- _What you need to do_
Line by line, transcribe the data below exactly and pass over the images.

- _Dataset excerpt_
=======

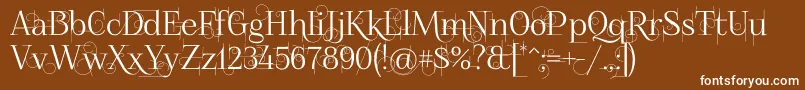 Шрифт Foglihtenno04070 – белые шрифты на коричневом фоне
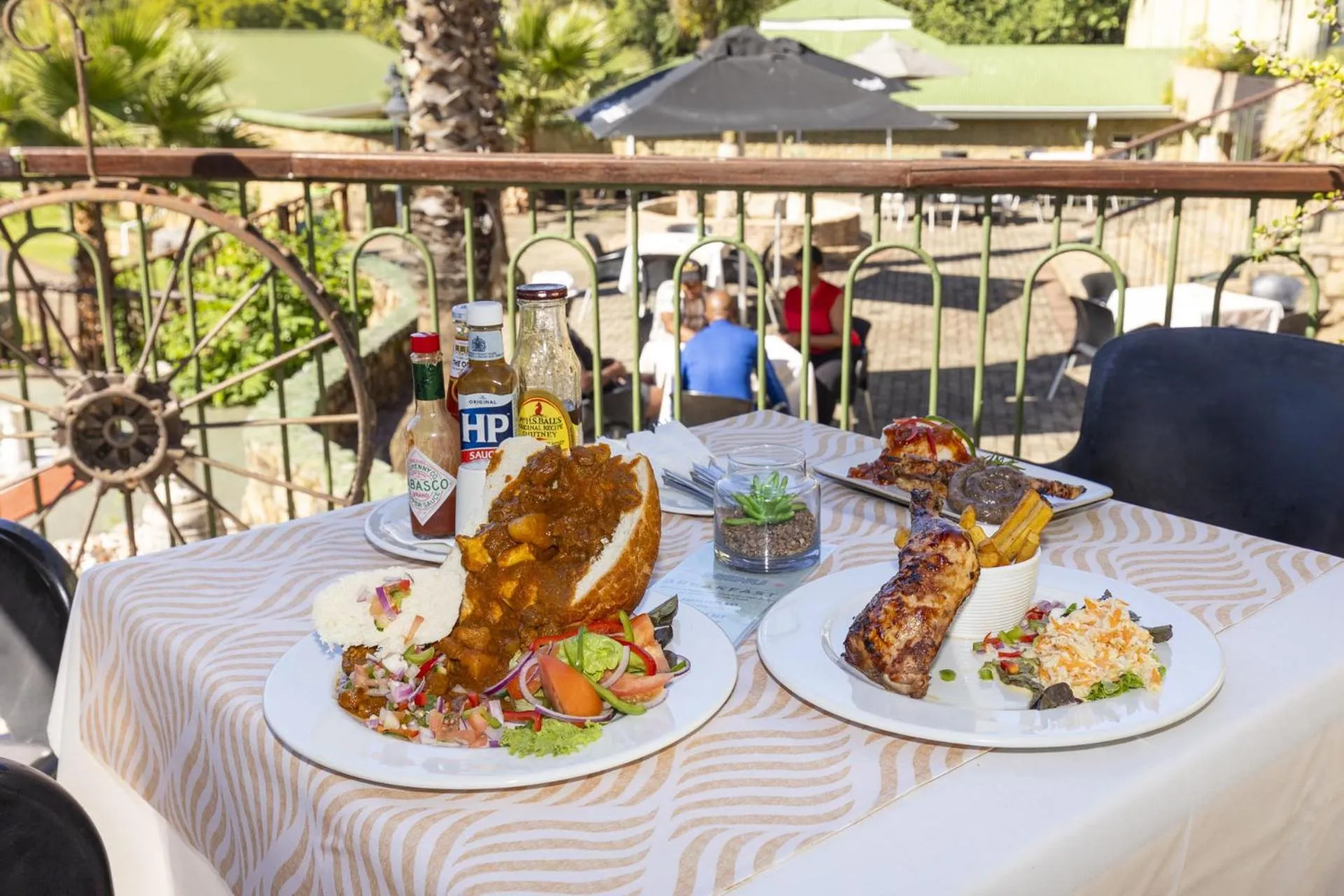 Food close-up in Gooderson Natal Spa Hot Springs Resort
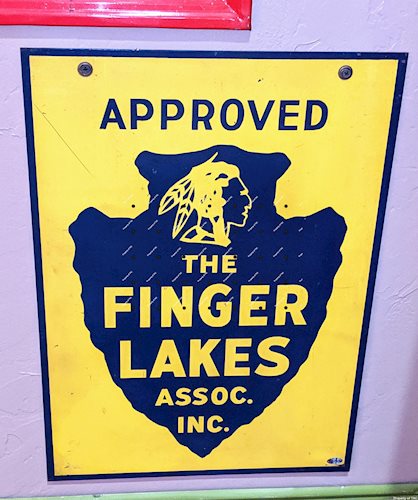 Approved The Finger Lakes Assoc. Inc. Double Sided Tin Sign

=======

- _Solution to the problem_
 Шрифт Foglihtenno04070 – белые шрифты на коричневом фоне
 Food close-up in Gooderson Natal Spa Hot Springs Resort
 Approved The Finger Lakes Assoc. Inc. Double Sided Tin Sign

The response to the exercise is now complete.